The worst predictions came true and, in a historic session, the UK Parliament rejected the agreement that Theresa May’s government negotiated with the European authorities. The result places the United Kingdom on the edge of a hard Brexit, otherwise known as leaving the European Union without a deal, in a move that promises to be chaotic.
At an economic level, the decision made by UK MPs is going to have serious repercussions at home estimated to come at an annual cost of 140 billion pounds until 2030. But this slowdown will affect the entire of the EU and, at time of writing, it’s impossible to calculate the repercussions it’ll have on the Member States.
French is one of the best-positioned languages to become the new common language spoken among Europeans.
The future is also uncertain for translation agencies and it’ll take us a while to discover the full impact of the United Kingdom leaving the European Union. Our clients are multinational companies and its logical to think that the hard Brexit we seem to be facing will represent a significant change in their trading activities. Predictions foretell of a 47% decrease in trade between the European Union and the United Kingdom.
This loss of trade for European companies will lead them to seek new business in other countries in the EU and beyond, so this situation offers translation agencies new opportunities for translating content into new languages.
The pound has been losing value against the euro since the referendum results were announced. This situation forces us to look carefully at all our projects because we often work with different currencies. In the coming months, it’s important for us to keep an eye on the exchange rate between the euro and the pound so we can adjust our prices depending on how it evolves.
Companies like us that export services to the United Kingdom will be less competitive than our rivals operating there due to devaluation of the currency and, perhaps, as a result of new tariffs. At the same time, it’s possible that our suppliers in the United Kingdom will become more competitive and force their competitors in the EU to take measures.
ENGLISH WILL STOP BEING AN OFFICIAL LANGUAGE OF THE EUROPEAN UNION
We’ll also see English losing its status as an official language of the European Union (Ireland’s official language in the EU is Irish) and this opens the door for another language to take the place occupied by English as the lingua franca.
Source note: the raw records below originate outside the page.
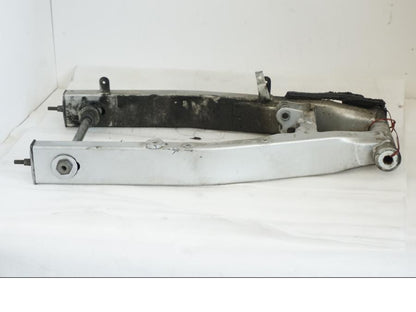 Framsidan på Sving från en Yamaha TDM 850 -1998 motorcykel.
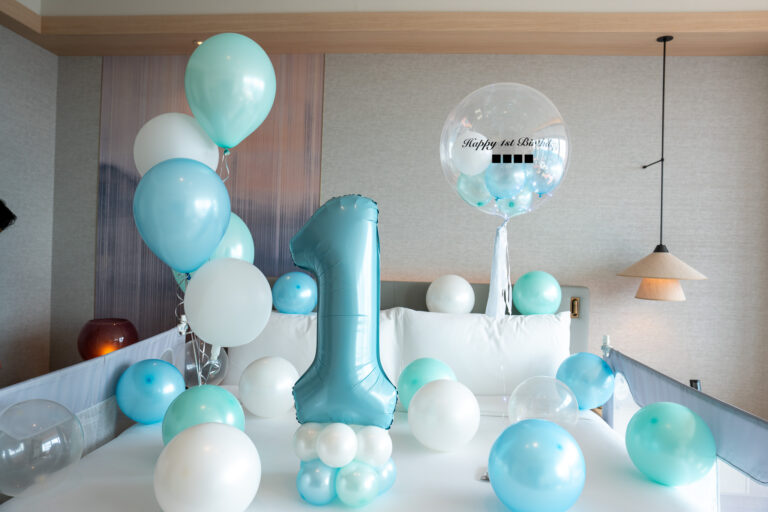 フェアモント東京での1歳誕生日をターコイズブルーのバルーン飾り付けでお祝い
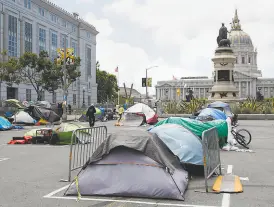  ?? Scott Strazzante / The Chronicle ?? A citysancti­oned “safe sleeping village” on Fulton Street. The program currently costs $18.2 million for about 260 tents.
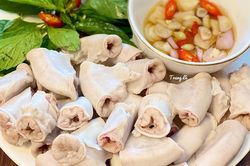 Luộc l&ograve;ng lợn bao nhi&ecirc;u ph&uacute;t th&igrave; ch&iacute;n v&agrave; trắng gi&ograve;n?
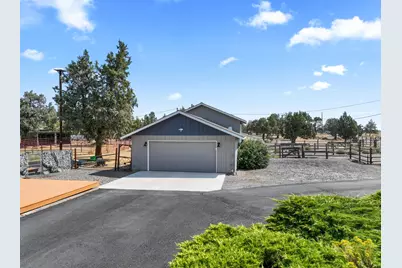 1923 NE Upas Avenue, Redmond, OR 97756 - Photo 4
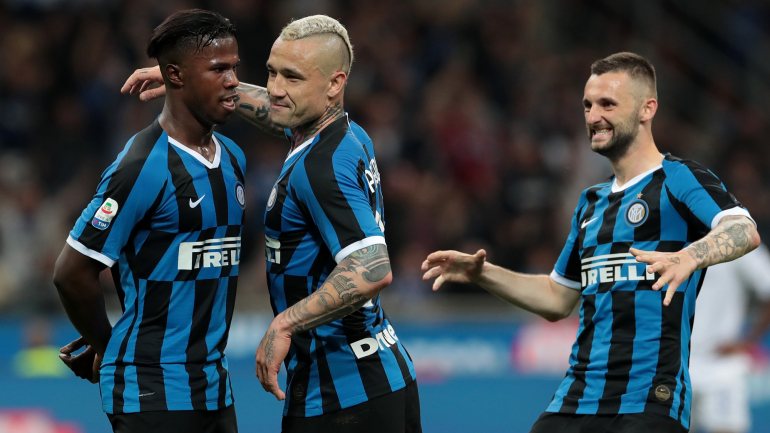 Golos de Keita Baldé e Nainggolan valeram um triunfo decisivo para o Inter voltar à fase de grupos da Liga dos Campeões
French is one of the best-positioned languages to become the new common language spoken among Europeans. Perhaps in coming years, we’ll see a decrease in translation to and from English and an increase in the volume of French and German translation.
Businesses and translators that work for the European Union and whose source or target language is English will have to quickly look for alternatives if they don’t want their workload to suddenly come to an end. On the other hand, it’s possible that the volume of translation will increase considerably with the drawing-up of new laws, treaties and agreements between the countries of the EU and the United Kingdom.
At Kobalt, we don’t believe that the disappearance of English as an official language of the European Union will affect its popularity or global dominance. We think it’ll continue to be the international lingua franca.
GOODBYE TO THE FREE MOVEMENT OF WORKERS
A more worrying aspect for a translation agency like ours is the uncertainty concerning the status of British residents in the EU and Europeans who currently live in the United Kingdom. Many are those who have taken advantage of the free movement of citizens and the option of being able to freely choose to live in any country in the European Union and who will now have to go back to the United Kingdom, or leave it, to avoid becoming illegal immigrants.
In conclusion, a hard Brexit by the United Kingdom from the EU will represent a great deal of uncertainty for international businesses, though it’s also true that it’ll open the door to new opportunities that we can currently only guess at.
We’ll have to pay close attention to what happens between today and 29 March, and in the weeks and months after that date.